That boundary is what lets COR24 stay simple while a future WASM target does something entirely different.

The Forward-Reference Problem

Forth normally likes definitions to appear before use. A simple single-pass compiler can get very far with that rule:

: SQUARE DUP * ;
: AREA SQUARE * ;

AREA can call SQUARE because SQUARE already exists.

But real systems eventually want cycles:

: EVEN? DUP 0= IF DROP TRUE EXIT THEN 1- ODD? ;
: ODD?  DUP 0= IF DROP FALSE EXIT THEN 1- EVEN? ;

At the moment EVEN? is compiled, ODD? does not exist yet. A name lookup cannot produce a CFA because there is no CFA to find.

There are three classic ways out:

Strategy	Tradeoff
Require ordering	simple compiler, awkward programs
Add declarations	more syntax, better compile-time knowledge
Emit unresolved references	needs fixups, enables natural structure

For a self-hosting Forth that wants retargetable codegen, unresolved references are the interesting path. They turn the compiler into a small linker.

Fixups Are the Linker Hiding in the Compiler

When the compiler sees a reference to a word it cannot resolve yet, it can emit a placeholder and record a fixup:

Field	Example
unresolved name	`ODD?`
use site	byte/cell offset inside `EVEN?`
relocation kind	call target, branch target, literal address
target profile	dev, runtime, debug-runtime
backend	COR24, WASM, RV32I, S/360

Later, when ODD? is defined, the linker pass patches every recorded use site.

This is not only for mutually recursive colon definitions. The same mechanism handles branch labels, separately compiled modules, runtime-image compaction, and target backends whose branch instruction cannot be encoded until the distance is known.

Why This Belongs With the Composer

Part 4’s composer decided which words survive into an image.

Part 5’s composer has to decide where surviving words land, what unresolved references point to, and how target-specific relocation works.

That suggests one pipeline:

Parse and compile source into target-neutral operations.
Record unresolved words and labels as fixups.
Resolve names after each module or full source load.
Choose a profile: dev, runtime, debug-runtime.
Compact the dictionary for that profile.
Hand surviving operations and fixups to the target backend.
Emit the final artifact and a manifest of what was resolved.

The same manifest that makes dictionary compaction auditable also makes retargeting auditable.
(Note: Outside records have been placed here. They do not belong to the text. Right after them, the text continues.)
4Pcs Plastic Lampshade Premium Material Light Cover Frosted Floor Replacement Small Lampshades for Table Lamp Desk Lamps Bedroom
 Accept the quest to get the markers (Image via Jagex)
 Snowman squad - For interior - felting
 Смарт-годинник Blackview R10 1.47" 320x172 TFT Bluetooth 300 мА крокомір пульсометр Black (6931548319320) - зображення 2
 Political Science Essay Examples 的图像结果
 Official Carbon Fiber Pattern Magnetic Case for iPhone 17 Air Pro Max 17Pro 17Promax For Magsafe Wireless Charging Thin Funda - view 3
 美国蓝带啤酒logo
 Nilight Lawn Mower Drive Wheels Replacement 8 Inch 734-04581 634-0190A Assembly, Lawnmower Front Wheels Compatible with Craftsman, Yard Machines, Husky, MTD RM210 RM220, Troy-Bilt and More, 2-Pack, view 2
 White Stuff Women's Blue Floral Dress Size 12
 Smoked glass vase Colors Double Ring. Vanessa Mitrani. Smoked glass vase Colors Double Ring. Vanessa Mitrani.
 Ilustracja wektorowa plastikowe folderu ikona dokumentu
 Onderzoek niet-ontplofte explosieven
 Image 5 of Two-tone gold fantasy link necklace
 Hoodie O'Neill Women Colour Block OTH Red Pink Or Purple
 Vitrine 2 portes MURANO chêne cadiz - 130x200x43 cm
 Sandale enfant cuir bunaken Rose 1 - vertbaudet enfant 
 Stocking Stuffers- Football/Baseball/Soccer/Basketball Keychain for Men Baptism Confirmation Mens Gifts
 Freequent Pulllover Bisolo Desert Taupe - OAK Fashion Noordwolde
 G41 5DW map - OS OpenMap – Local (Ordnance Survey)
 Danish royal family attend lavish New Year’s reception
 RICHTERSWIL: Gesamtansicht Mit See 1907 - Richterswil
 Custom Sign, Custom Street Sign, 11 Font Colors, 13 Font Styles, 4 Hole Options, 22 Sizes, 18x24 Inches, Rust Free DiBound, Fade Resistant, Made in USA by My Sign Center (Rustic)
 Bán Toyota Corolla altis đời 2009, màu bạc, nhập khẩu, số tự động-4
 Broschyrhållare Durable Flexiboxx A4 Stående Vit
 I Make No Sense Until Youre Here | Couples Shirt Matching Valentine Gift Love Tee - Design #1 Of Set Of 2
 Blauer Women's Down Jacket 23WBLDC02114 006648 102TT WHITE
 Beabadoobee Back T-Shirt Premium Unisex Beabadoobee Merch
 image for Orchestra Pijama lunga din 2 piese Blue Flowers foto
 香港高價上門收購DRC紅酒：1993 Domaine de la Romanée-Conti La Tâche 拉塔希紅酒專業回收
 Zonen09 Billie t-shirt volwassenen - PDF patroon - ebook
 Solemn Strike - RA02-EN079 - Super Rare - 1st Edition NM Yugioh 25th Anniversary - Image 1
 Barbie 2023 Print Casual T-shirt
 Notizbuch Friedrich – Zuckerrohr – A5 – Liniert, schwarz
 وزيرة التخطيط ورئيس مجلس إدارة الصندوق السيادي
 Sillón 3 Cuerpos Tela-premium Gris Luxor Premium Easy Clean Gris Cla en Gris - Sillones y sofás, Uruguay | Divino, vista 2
If a runtime image drops a word that a backend still needs, the build should fail with a name and a fixup site, not a mystery crash.

Target Notes

This section needs measurements and examples from actual backend sketches.

COR24

COR24 is the baseline: small, explicit, close to the current Forth image model.

Notes to fill in:

direct-threaded vs subroutine-threaded options
branch range and call encoding
how much relocation state is needed for compacted runtime images

WASM

WASM is structured, typed, and not just “assembly with different mnemonics.”

Notes to fill in:

structured control flow vs arbitrary branch labels
stack machine overlap with Forth’s data stack
imports/exports for host integration

RV32I

RV32I is useful because it forces the compiler to be honest about registers and memory.

Notes to fill in:

stack pointer conventions
immediate range limits
call/return sequence

S/360

S/360 is useful because it makes relocation and base registers visible.

Notes to fill in:

base register setup
literal pools
condition code mapping

What Comes Next

The next rabbit-hole after this one should probably stop talking about compiler structure and show an actual thin backend: take one tiny Forth source file, emit two target artifacts, and compare the fixup manifests side by side.

The composer idea only matters if it survives contact with a second target.